クォーター・ライフ・クライシス。それは、人生の4分の1を過ぎた20代後半〜30代前半のころに訪れがちな、幸福の低迷期を表す言葉だ。28歳の家入レオさんもそれを実感し、揺らいでいる。「自分をごまかさないで、正直に生きたい」家入さん自身が今感じる心の内面を丁寧にすくった連載エッセイ。前回は、vol.87 病める時も健やかな時も。ニューアルバムについてのインタビューはこちら。
家入レオ「言葉は目に見えないファッション」vol.88
じゃあね、の法則
vol.88 じゃあね、の法則
彼女に会うのはすごく久しぶりだった。そう感じながらも、一般的な価値観で言うと久しぶりにはならないのかもしれない、と思い。一体どれくらいぶりに顔を合わせるなら、その言葉を正しく使えていることになるのだろう、と待ち合わせ場所のコーヒーショップに向かいながら考えていた。だってあの頃は、彼女と同じクラスだった高校二年生だった頃は、また明日ね、が当たり前にずっと繰り返されるような気がしていた。
土曜日と日曜日の休みに加えて月曜日が祝日だったりすると、火曜日の学校で「おはよう」と笑いかけてくる隣の席の友達に久しぶりに会った気がしたりして。そんな感覚、大人になった今口にしたら、何言ってるの、ときっと笑われてしまう。

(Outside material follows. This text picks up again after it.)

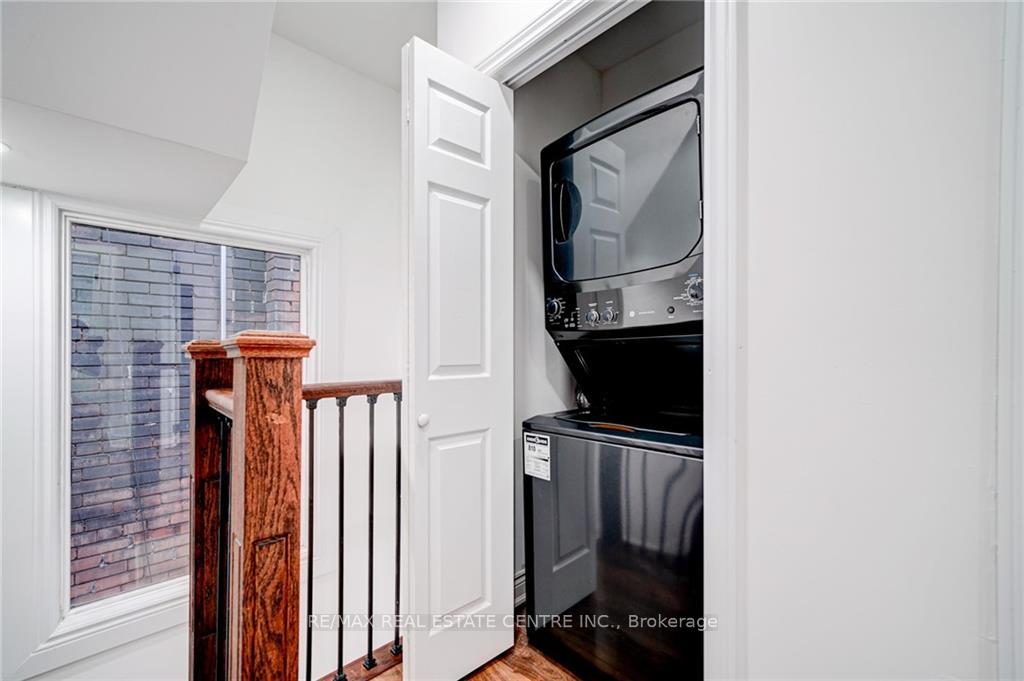 Photo 13 of 9 Gibson Avenue, Hamilton, Gibson — HOMEH
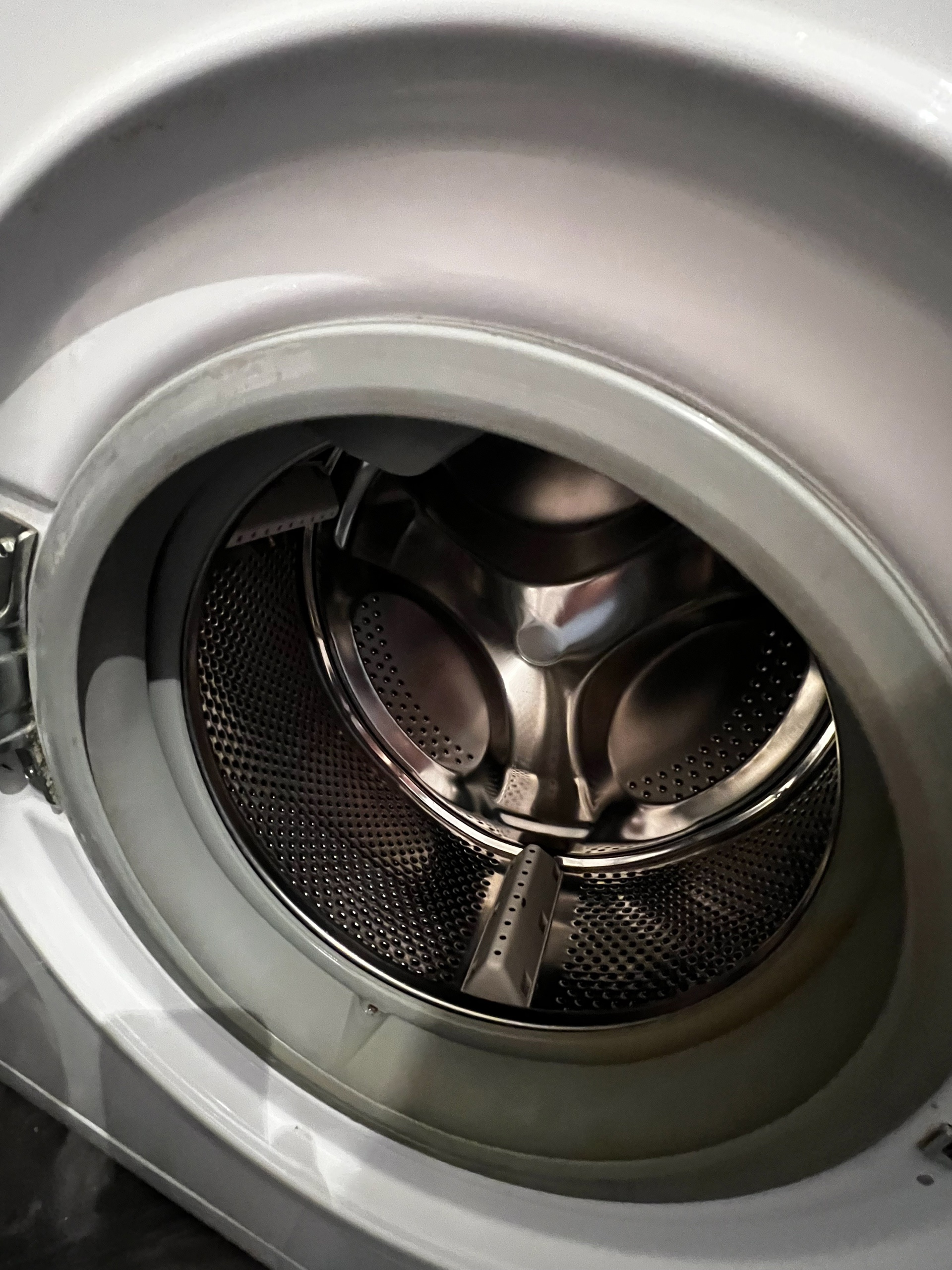 Продается стиральная машина Hotpoint Ariston (2)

夏休みの後なんて、教室の雰囲気がガラリと変わっていて。たった1カ月足らず顔を合わせていないだけなのに、登校すると、クラスメイト一人一人が知らない人みたいに変わっていたりして。以前どう接していたのか上手く思い出せなくて、みんな妙によそよそしく、お互いの出方を探ったり、それでいて浮き足立っていた、あの独特な緊張感。
17才だった私たちには、たったひと夏、たった1カ月がものすごく長くて。早く自由に、大人になりたくて。夏が始まる前の自分と夏が終わる頃の自分が別人だなんてことにも気づかないくらいのスピードで生きていた。どんどん捨てて、どんどん新しくなっていくことになんの恐れもなかった。恐れがあったとしたら、何も変えられないこと。そんな季節もあった。
社会人になってからも1、2カ月に1回のペースで会っていた友達が仕事終わりの生ビールを美味しそうに飲んだ後「大人になってからこの頻度でご飯行ってるのはここだけかも」と笑い。私はその笑顔を見ながら、1、2カ月が久しぶりと感じなくなったのはいつだろう?と思い。こう言う現象に名前があると、どこかで聞き齧った哲学者の法則を懸命に思い出そうとしていた。帰り道、電車に揺られながら「大人と子供 体感時間」でググると、ジャネーの法則に辿り着き画面をスクロールしまとめサイトを熟読した夜。
そんなことを待ち合わせのコーヒーショップの前で一気に思い出していた。「まぁ良いや、私が久しぶりって思ったらそれは久しぶりなんだよ」と思いながら、「いるよ」と彼女にメッセージを送った。